Sí, Felipe, supongamos; y supongamos también que el nombre del joven herrero es…

—Jerónimo, murmuró Celestina.

Supongamos, prosiguió Felipe; imagina, monje, al aprendiz de herrero: al cumplir veinte años se enamora de una muchacha del campo, semejante a Celestina, y se casa con ella; pero la noche de la boda, el joven príncipe del castillo aparece y toma para sí a la virgen, invocando el indiscutible derecho señorial. La melancolía de Celestina se asemeja a la locura; prohíbe que su novio se acerque a ella. El joven herrero alimenta un sentimiento de odio y de venganza contra mí, Felipe, el joven señor.

Pero ambos somos inmortales. Él no puede matarme. Yo no puedo asesinarle.

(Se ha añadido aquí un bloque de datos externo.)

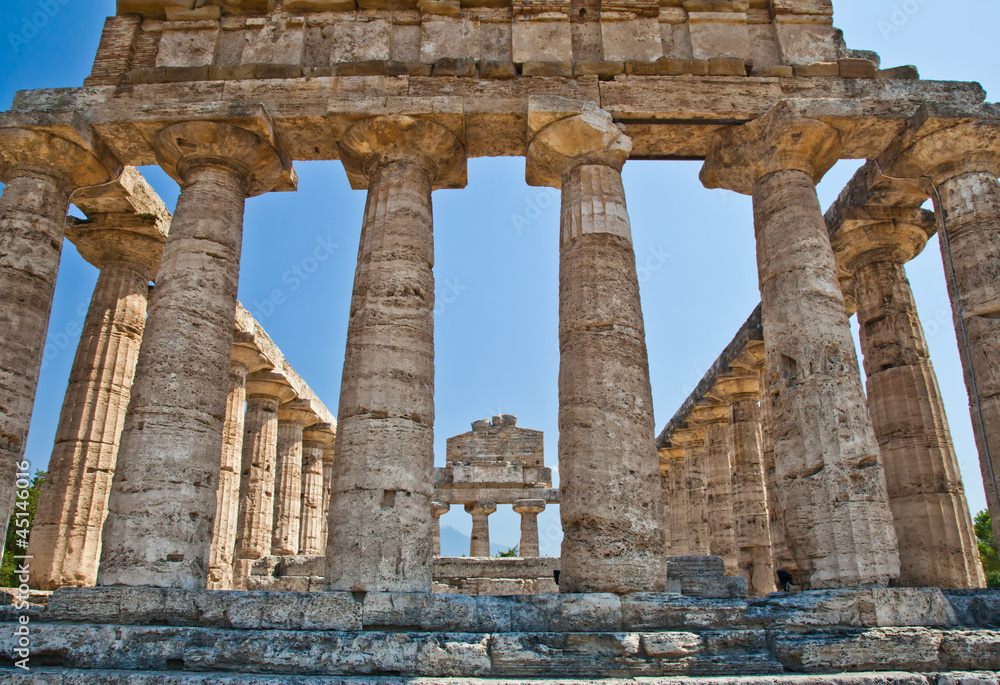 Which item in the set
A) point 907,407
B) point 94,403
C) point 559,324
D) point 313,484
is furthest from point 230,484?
point 907,407

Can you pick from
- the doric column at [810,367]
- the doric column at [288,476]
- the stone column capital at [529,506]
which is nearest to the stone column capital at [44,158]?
the doric column at [810,367]

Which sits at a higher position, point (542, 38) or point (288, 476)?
point (542, 38)

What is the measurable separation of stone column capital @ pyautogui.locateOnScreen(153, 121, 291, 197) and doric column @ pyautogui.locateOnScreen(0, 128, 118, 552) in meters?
1.24

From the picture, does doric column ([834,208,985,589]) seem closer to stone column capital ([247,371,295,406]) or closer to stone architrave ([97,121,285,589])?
stone architrave ([97,121,285,589])

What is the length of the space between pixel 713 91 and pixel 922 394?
7118mm

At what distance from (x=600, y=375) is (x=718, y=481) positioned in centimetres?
1333

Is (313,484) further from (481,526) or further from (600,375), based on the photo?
(600,375)

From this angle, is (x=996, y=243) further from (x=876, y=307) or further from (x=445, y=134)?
(x=445, y=134)

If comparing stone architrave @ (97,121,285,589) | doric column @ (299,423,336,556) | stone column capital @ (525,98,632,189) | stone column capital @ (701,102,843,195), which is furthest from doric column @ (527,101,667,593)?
doric column @ (299,423,336,556)

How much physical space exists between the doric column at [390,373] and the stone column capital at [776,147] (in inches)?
171

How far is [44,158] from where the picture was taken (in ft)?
35.9

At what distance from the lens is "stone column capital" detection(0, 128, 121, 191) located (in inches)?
422

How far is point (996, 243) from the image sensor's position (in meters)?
10.3

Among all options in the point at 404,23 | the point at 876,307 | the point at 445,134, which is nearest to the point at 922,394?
the point at 876,307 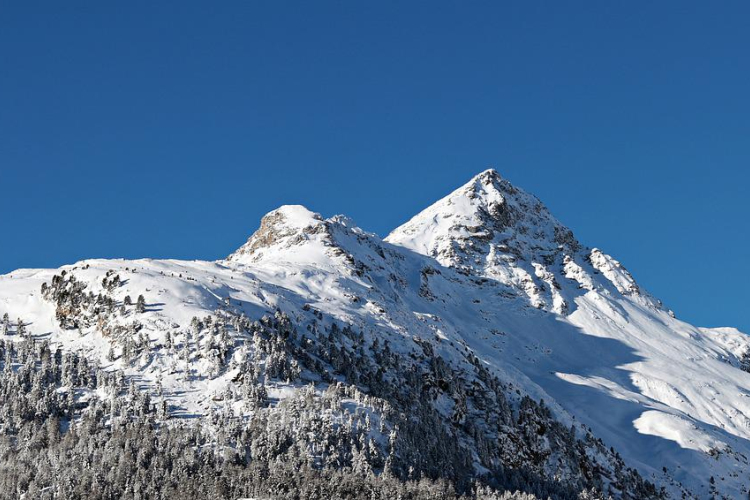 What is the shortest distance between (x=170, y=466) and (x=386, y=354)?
57744 millimetres

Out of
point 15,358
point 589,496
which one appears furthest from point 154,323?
point 589,496

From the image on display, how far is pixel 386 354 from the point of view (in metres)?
151

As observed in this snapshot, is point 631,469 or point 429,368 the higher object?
point 429,368

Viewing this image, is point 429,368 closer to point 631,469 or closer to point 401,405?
point 401,405

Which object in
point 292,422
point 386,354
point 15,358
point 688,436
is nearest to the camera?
point 292,422

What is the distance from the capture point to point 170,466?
100 m

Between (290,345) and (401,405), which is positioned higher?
(290,345)

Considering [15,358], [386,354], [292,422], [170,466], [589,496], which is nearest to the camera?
[170,466]

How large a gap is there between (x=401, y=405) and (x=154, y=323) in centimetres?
4180

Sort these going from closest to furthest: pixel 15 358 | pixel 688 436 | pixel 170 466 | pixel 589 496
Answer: pixel 170 466, pixel 15 358, pixel 589 496, pixel 688 436

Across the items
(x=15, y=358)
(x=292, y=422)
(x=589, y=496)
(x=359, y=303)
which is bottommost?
→ (x=589, y=496)

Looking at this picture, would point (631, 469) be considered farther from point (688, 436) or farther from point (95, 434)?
point (95, 434)

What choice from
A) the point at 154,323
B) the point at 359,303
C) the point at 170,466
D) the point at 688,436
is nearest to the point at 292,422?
the point at 170,466

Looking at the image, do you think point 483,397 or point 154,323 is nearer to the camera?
point 154,323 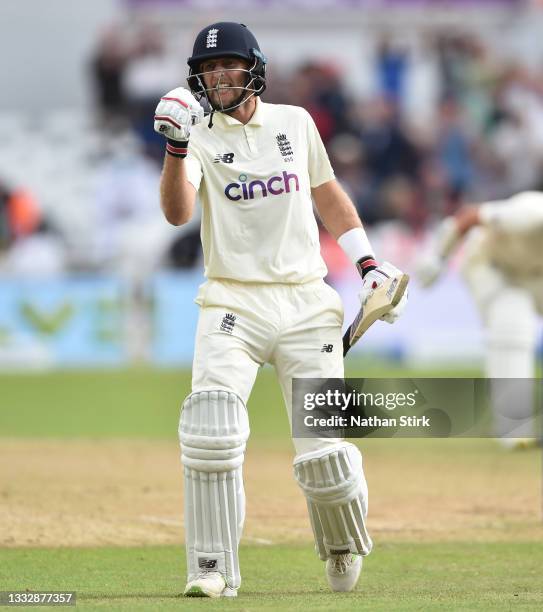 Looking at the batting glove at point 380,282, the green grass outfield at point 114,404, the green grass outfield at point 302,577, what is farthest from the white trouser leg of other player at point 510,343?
the batting glove at point 380,282

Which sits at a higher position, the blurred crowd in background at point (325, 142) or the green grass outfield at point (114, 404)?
the blurred crowd in background at point (325, 142)

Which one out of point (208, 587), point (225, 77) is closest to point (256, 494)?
point (208, 587)

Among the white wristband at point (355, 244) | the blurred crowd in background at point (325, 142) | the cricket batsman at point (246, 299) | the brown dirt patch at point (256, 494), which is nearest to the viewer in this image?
the cricket batsman at point (246, 299)

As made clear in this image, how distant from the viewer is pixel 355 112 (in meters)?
21.7

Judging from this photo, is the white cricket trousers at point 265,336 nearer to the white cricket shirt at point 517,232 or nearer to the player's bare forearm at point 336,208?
the player's bare forearm at point 336,208

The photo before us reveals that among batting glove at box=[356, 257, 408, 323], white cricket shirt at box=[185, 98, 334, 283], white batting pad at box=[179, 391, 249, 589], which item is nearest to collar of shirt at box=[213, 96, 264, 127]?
white cricket shirt at box=[185, 98, 334, 283]

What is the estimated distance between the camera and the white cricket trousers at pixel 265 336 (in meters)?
5.43

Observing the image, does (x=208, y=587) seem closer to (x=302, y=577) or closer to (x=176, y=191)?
(x=302, y=577)

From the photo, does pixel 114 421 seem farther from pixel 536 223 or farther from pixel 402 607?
pixel 402 607

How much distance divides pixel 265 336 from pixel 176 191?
704 millimetres

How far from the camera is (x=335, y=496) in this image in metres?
5.51

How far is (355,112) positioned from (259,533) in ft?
48.6

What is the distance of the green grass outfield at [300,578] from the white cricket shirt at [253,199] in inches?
52.4

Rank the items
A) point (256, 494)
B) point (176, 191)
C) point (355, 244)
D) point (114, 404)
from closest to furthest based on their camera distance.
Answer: point (176, 191) < point (355, 244) < point (256, 494) < point (114, 404) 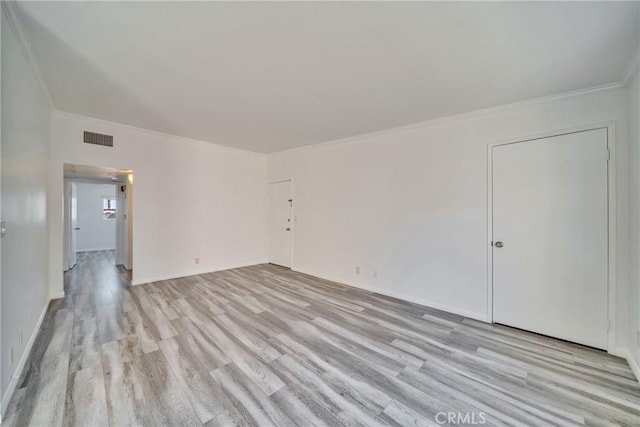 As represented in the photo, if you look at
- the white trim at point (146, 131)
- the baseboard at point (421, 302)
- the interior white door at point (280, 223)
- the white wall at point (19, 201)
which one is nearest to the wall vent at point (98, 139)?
the white trim at point (146, 131)

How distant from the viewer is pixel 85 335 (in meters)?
2.54

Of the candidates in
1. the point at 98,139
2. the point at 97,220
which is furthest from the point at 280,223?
the point at 97,220

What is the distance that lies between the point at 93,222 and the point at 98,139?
5.98 m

Debemos encontrar algo que sustituya a la muerte que ninguno de los dos puede infligirle al otro.

Yo sustituyo a la muerte con la inexistencia. Puesto que no puedo matar al joven herrero poique me odia, ni a ti, viejo, por rebelde, ni a ti, Celestina, por tus brujerías, ni a ti, Ludovico, por tu herejía, a todos les condeno a la muerte en vida; para mí no existen, les considero muertos.

Ve, monje, ve tu ciudad poblada por mis esclavos, ve tu ciudad amurallada, rodeada por mis hombres y mis armas; escucha el paso de tus fantasmas en mis vastas ciudades encarceladas. He sitiado la ciudad. Y les he puesto cerco a ustedes: no a sus cuerpos inmortales, sino a sus almas, mortales dentro de la carne inmortal.

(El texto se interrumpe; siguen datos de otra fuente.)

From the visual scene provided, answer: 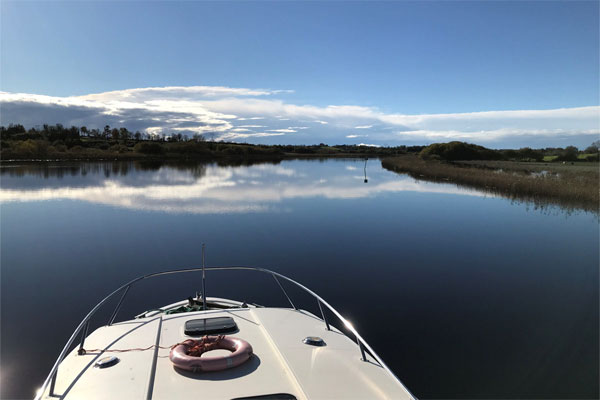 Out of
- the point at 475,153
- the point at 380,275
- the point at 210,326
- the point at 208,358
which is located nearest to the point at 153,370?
the point at 208,358

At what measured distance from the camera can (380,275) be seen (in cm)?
1076

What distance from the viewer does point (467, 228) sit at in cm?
1731

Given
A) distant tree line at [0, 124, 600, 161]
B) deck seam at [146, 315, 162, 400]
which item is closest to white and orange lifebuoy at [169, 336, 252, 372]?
deck seam at [146, 315, 162, 400]

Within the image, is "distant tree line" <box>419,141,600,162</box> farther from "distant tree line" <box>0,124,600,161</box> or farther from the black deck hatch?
the black deck hatch

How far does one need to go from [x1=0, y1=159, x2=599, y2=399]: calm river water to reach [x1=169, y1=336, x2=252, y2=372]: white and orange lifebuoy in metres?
3.24

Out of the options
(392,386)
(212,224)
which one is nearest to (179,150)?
(212,224)

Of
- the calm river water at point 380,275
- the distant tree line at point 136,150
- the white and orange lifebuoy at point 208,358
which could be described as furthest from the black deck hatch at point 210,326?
the distant tree line at point 136,150

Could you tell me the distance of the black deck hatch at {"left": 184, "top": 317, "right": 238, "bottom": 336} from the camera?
177 inches

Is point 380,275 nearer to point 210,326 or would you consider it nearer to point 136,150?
point 210,326

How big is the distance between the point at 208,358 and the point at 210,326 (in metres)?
1.00

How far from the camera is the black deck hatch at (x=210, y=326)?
4492mm

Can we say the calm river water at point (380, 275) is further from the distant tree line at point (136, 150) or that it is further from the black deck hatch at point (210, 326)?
the distant tree line at point (136, 150)

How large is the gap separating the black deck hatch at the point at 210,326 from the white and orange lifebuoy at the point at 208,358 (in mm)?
244

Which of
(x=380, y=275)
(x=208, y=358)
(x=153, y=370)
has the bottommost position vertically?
(x=380, y=275) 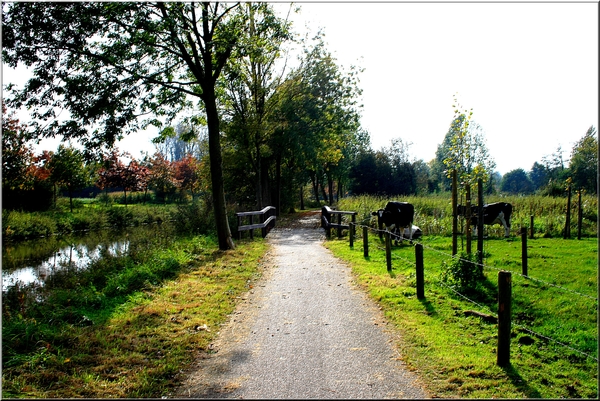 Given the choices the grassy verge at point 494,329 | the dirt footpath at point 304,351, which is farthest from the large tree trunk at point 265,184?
the dirt footpath at point 304,351

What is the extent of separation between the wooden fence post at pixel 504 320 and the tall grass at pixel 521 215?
1142cm

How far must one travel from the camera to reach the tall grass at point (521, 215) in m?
17.0

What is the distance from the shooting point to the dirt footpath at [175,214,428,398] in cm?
416

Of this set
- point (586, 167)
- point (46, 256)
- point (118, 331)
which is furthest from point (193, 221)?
point (586, 167)

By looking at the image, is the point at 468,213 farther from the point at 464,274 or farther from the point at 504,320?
the point at 504,320

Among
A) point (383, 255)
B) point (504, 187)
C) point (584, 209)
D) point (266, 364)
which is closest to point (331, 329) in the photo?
point (266, 364)

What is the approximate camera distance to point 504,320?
4.71 m

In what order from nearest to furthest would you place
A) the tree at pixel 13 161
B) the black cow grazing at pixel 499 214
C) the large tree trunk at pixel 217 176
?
the large tree trunk at pixel 217 176, the black cow grazing at pixel 499 214, the tree at pixel 13 161

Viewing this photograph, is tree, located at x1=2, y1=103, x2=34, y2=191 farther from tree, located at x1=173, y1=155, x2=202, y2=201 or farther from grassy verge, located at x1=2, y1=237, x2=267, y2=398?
tree, located at x1=173, y1=155, x2=202, y2=201

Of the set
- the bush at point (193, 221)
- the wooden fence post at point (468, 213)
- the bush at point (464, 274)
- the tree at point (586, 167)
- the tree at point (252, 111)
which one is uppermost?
the tree at point (252, 111)

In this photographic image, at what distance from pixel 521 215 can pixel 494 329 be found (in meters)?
15.9

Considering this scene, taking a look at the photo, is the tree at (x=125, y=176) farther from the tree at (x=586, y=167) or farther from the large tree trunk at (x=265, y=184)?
the tree at (x=586, y=167)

Pues ésta es la flaqueza de tu sueño, monje: si la carne no puede morir, entonces el espíritu morirá en su nombre. La vida deja de tener valor; yo he negado la libertad de los hombres y ahora los hombres no pueden cambiar la esclavitud por la muerte. No pueden ofrecer la única riqueza que un hombre oprimido es capaz de dar por la libertad de otros hombres: su muerte.

Y yo, monje, viviré para siempre encerrado en mi castillo, protegido por mis guardias, sin atreverme a salir; temo conocer algo peor que mi propia, imposible muerte: la centella de la rebelión en los ojos de mis esclavos. No, no hablo de la rebelión activa que tú, monje, o tú, viejo, pudieran conocer o desear, aunque a veces yo también pueda temer la marejada simple e irracional de lo numeroso, la ola de los fantasmas vivientes ahogando mi isla, mi alcázar e, incapaces de asesinar a su tirano, convirtiéndole en uno más de su infinita y anónima compañía. No, monje, no: temo a la rebelión que simplemente deje de reconocer mi poder.

Yo no los he matado; sólo he decretado su inexistencia. ¿Por qué no habían ellos de pagarme con la misma moneda? Ésta será la venganza del joven herrero; me asesinará olvidándose de que existo. Tú caminas, monje Simón, entre la muchedumbre espectral de tu ciudad, ofreciendo en vano tu inútil caridad e inútilmente buscando esa centella que yo temo, pues los inmortales no se rebelarán sin la certeza de que morirán por ello. Me asesinarán olvidándome; mí poder no tendrá objeto.